Exploring Multisensory Landscapes
November 13 – 15, 2023. In-person at Argonne National Laboratory and via virtual formats
The biennial conference aims to catalyze ideas and innovation between academia, practice, NGOs and government agencies who work to address analysis, planning, valuation, design and management of visual resources. Join our community to share ideas and discuss the issues associated with the assessment and protection of visual resources in an era of major landscape change – regionally, national and globally.
The 2023 VRS Conference Planning Committee welcomes presentations focused in the thematic areas outlined in this call. The conference will be organized into five presentation types, also outlined in this call. All abstracts must follow the provided abstract submission guidance. The 2023 VRS Conference Proceedings will be electronically published and available to all conference registrants prior to the conference.
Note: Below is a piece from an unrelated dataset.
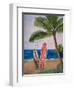 Caribbean Strand with Surf Boards-Martina Bleichner-Framed Art Print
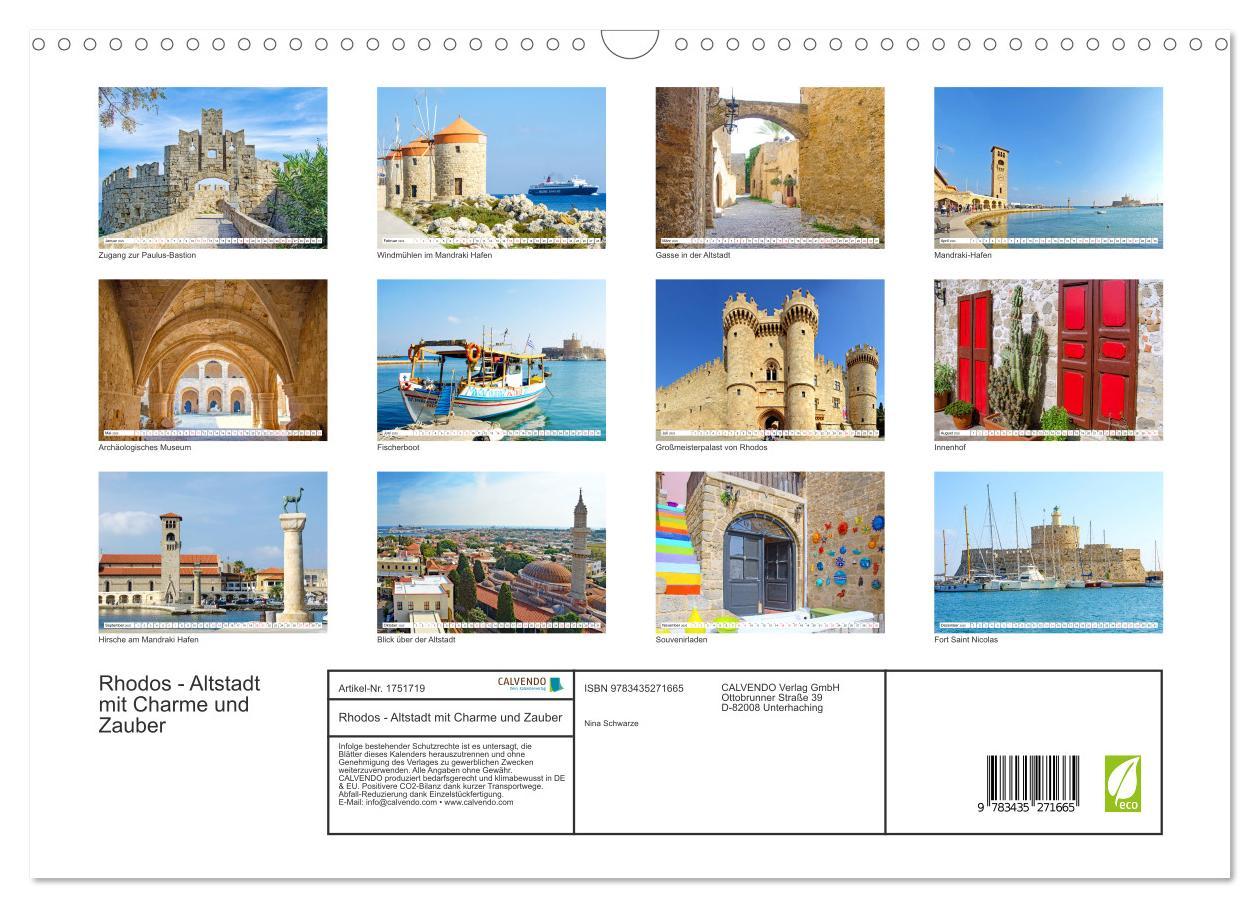 Bild: 9783435271665 | Rhodos - Altstadt mit Charme und Zauber (Wandkalender 2025 DIN A3...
Submission guidelines for the proceedings will be provided with each abstract acceptance notice.
Abstracts can be up to 2000 words and should include:
▪ Presentation title and Thematic Area and Presentation Format (see full list of Thematic Areas and Presentation Formats on the following pages);
▪ An overview of the theoretical and/or professional practice context of your research/project; ▪ A statement that identifies the question(s) that your research/project endeavored to answer; ▪ A summary of the results, or anticipated results, of your research/project.
▪ An explanation of the significance and anticipated application of your results (this may include the intended user(s) or audience); and
▪ Clear, succinct conclusions drawn from your research/project.
Abstracts are due March 24, 2023, submitted to: 2023 VRS Conference Abstract Submission Complete submission instructions are provided at the submission website.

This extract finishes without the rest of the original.